YOUR ASSIGNMENT:
Find, in the records below, the line that contains "And that's it" and the line that contains "I hope you've". Copy those two lines and everything between them exactly, but not the pictures.

(RECORDS FOR THIS TASK begins)

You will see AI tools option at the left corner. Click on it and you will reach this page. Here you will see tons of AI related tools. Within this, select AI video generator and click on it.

(RECORDS FOR THIS TASK ends)
(RECORDS FOR THIS TASK begins)

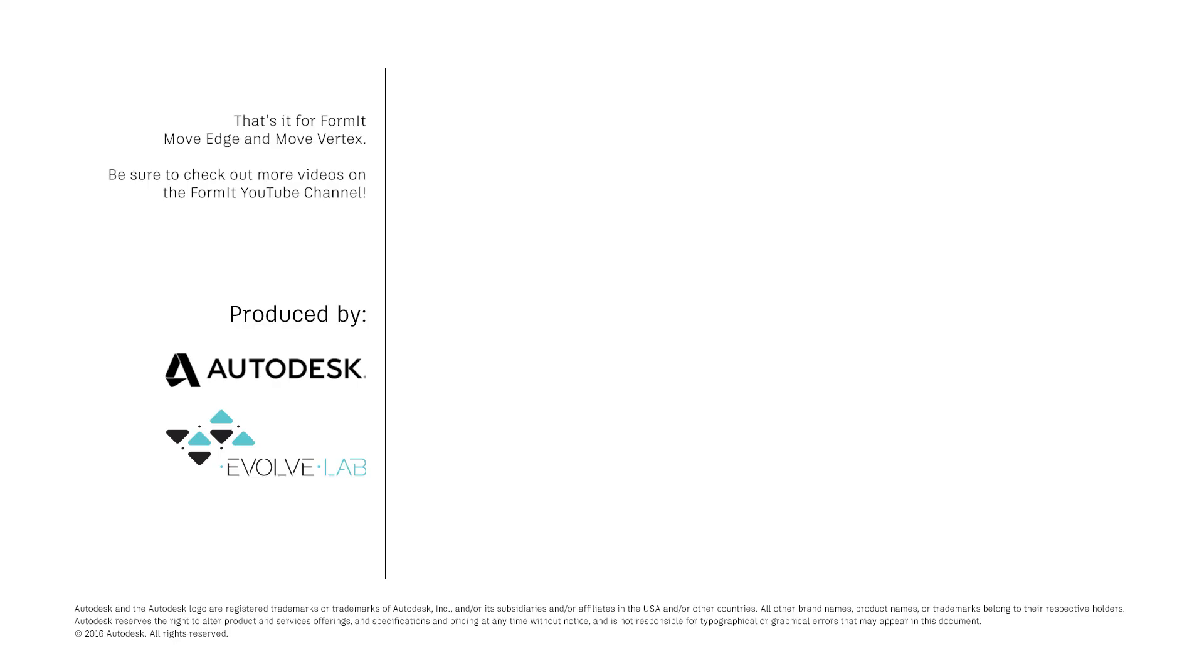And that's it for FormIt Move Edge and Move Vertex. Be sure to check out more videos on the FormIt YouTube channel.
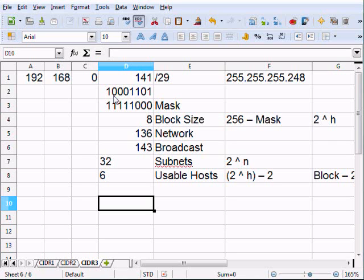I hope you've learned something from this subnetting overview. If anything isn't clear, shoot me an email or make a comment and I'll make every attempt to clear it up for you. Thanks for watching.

(RECORDS FOR THIS TASK ends)

RESPONSE TO THIS TASK:
And that's it for FormIt Move Edge and Move Vertex. Be sure to check out more videos on the FormIt YouTube channel.
I hope you've learned something from this subnetting overview. If anything isn't clear, shoot me an email or make a comment and I'll make every attempt to clear it up for you. Thanks for watching.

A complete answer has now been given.